GOTO Keluar dari Global Standard
PT GoTo Gojek Tokopedia Tbk dengan kode GOTO tidak lagi tercatat dalam Global Standard Indexes setelah jadwal penyesuaian berlaku. GOTO menjadi satu-satunya saham Indonesia yang keluar dari kelompok tersebut.
Sementara itu, PT Charoen Pokphand Indonesia Tbk atau CPIN dipindahkan dari Global Standard Indexes ke MSCI Global Small Cap Indexes. Artinya, Saham CPIN tetap berada dalam jajaran indeks MSCI, meski kelas indeksnya berubah.
Rincian 11 Emiten yang Disesuaikan
| Emiten | Kode | Perubahan MSCI |
|---|---|---|
| PT GoTo Gojek Tokopedia Tbk | GOTO | Keluar dari Global Standard Indexes |
| PT Charoen Pokphand Indonesia Tbk | CPIN | Pindah ke Global Small Cap Indexes |
| PT Bank Jago Tbk | ARTO | Keluar dari Global Small Cap Indexes |
| PT Bukalapak.com Tbk | BUKA | Keluar dari Global Small Cap Indexes |
| PT ESSA Industries Indonesia Tbk | ESSA | Keluar dari Global Small Cap Indexes |
| PT MD Intertainment Tbk | FILM | Keluar dari Global Small Cap Indexes |
| PT Medikaloka Hermina Tbk | HEAL | Keluar dari Global Small Cap Indexes |
| PT MNC Tourism Indonesia Tbk | KPIG | Keluar dari Global Small Cap Indexes |
| PT Raharja Energi Cepu Tbk | RATU | Keluar dari Global Small Cap Indexes |
| PT Semen Indonesia (Persero) Tbk | SMGR | Keluar dari Global Small Cap Indexes |
| PT Transcoal Pacific Tbk | TCPI | Keluar dari Global Small Cap Indexes |
Sembilan emiten yang dikeluarkan dari Global Small Cap Indexes adalah ARTO, BUKA, ESSA, FILM, HEAL, KPIG, RATU, SMGR, dan TCPI. Bersama GOTO, kelompok tersebut membentuk total 10 saham Indonesia yang keluar dari indeks MSCI.
Hasil Tinjauan Status Negara
MSCI menyampaikan hasil Tinjauan Tahunan Negara 2026 pada Kamis, 13 Agustus 2026. Tidak ada perubahan daftar negara dalam MSCI Frontier Emerging Markets Index pada tinjauan tersebut.
Indonesia tetap berada di dalam kelompok yang sama dengan Brasil, China, India, dan Korea Selatan. Status MSCI Emerging Market bagi Indonesia pun tetap dipertahankan.
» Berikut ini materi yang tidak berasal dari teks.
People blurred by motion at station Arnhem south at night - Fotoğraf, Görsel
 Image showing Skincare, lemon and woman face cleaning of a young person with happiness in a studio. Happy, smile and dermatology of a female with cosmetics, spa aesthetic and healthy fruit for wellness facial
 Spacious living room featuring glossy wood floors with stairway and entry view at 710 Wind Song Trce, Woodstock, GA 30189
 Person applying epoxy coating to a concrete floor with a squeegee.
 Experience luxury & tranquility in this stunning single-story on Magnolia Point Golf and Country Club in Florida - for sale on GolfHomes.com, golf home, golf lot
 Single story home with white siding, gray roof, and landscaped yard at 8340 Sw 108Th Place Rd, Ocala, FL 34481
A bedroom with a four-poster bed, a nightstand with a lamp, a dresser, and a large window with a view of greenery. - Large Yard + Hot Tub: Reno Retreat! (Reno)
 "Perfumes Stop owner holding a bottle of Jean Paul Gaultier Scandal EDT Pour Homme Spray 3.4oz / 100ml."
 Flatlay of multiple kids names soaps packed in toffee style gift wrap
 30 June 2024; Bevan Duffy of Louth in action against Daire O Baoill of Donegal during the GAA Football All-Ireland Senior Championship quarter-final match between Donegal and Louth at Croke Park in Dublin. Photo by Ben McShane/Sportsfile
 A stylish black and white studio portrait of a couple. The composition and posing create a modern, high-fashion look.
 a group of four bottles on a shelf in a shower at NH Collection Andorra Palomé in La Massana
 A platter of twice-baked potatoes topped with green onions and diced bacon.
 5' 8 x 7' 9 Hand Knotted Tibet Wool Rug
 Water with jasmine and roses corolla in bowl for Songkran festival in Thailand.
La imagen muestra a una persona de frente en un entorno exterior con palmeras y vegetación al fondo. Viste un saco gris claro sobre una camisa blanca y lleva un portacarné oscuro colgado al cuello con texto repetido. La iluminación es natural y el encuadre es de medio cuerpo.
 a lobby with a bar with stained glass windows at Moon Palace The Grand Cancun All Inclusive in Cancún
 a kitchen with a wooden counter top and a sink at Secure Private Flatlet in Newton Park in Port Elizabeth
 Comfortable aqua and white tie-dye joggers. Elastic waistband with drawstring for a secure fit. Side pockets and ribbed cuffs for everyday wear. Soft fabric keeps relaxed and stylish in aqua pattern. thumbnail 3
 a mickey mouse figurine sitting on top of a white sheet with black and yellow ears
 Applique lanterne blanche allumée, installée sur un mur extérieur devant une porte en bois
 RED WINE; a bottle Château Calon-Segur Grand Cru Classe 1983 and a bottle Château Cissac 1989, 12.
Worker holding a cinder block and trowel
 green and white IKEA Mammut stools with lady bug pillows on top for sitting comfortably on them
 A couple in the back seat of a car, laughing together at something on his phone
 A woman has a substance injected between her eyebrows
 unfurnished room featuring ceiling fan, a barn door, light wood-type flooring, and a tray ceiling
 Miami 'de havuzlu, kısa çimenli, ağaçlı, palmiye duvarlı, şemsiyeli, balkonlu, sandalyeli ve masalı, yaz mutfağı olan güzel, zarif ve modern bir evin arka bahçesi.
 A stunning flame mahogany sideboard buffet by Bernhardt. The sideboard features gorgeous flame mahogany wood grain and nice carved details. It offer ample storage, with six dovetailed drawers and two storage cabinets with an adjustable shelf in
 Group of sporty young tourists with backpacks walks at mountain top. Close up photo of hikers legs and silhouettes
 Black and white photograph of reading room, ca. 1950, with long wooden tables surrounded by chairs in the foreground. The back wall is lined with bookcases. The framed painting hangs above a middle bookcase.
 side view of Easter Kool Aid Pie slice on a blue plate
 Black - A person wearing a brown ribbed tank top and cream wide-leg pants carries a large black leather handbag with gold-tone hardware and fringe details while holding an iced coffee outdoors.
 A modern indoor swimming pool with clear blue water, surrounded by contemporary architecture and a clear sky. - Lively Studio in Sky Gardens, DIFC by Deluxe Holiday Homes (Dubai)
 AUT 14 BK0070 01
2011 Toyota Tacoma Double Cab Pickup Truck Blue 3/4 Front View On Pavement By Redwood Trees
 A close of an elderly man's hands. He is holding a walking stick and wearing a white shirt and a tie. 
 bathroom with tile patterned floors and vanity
MSCI Frontier Emerging Markets Index merupakan gabungan indeks negara dari MSCI Frontier Markets dan sejumlah negara pilihan dari MSCI Emerging Markets. MSCI mengevaluasi daftar negara dalam kategori ini setiap tahun.
Dalam pengumumannya, MSCI menegaskan seluruh penyesuaian saham berlaku mulai penutupan pasar 31 Agustus 2026. “Semua perubahan akan diberlakukan mulai penutupan pasar pada 31 Agustus 2026,” tulis MSCI.
Evaluasi tersebut menghasilkan dua keputusan yang berjalan bersamaan. Klasifikasi Indonesia sebagai pasar berkembang tetap bertahan, sedangkan susunan saham Indonesia di dalam indeks mengalami pengurangan dan perpindahan kategori.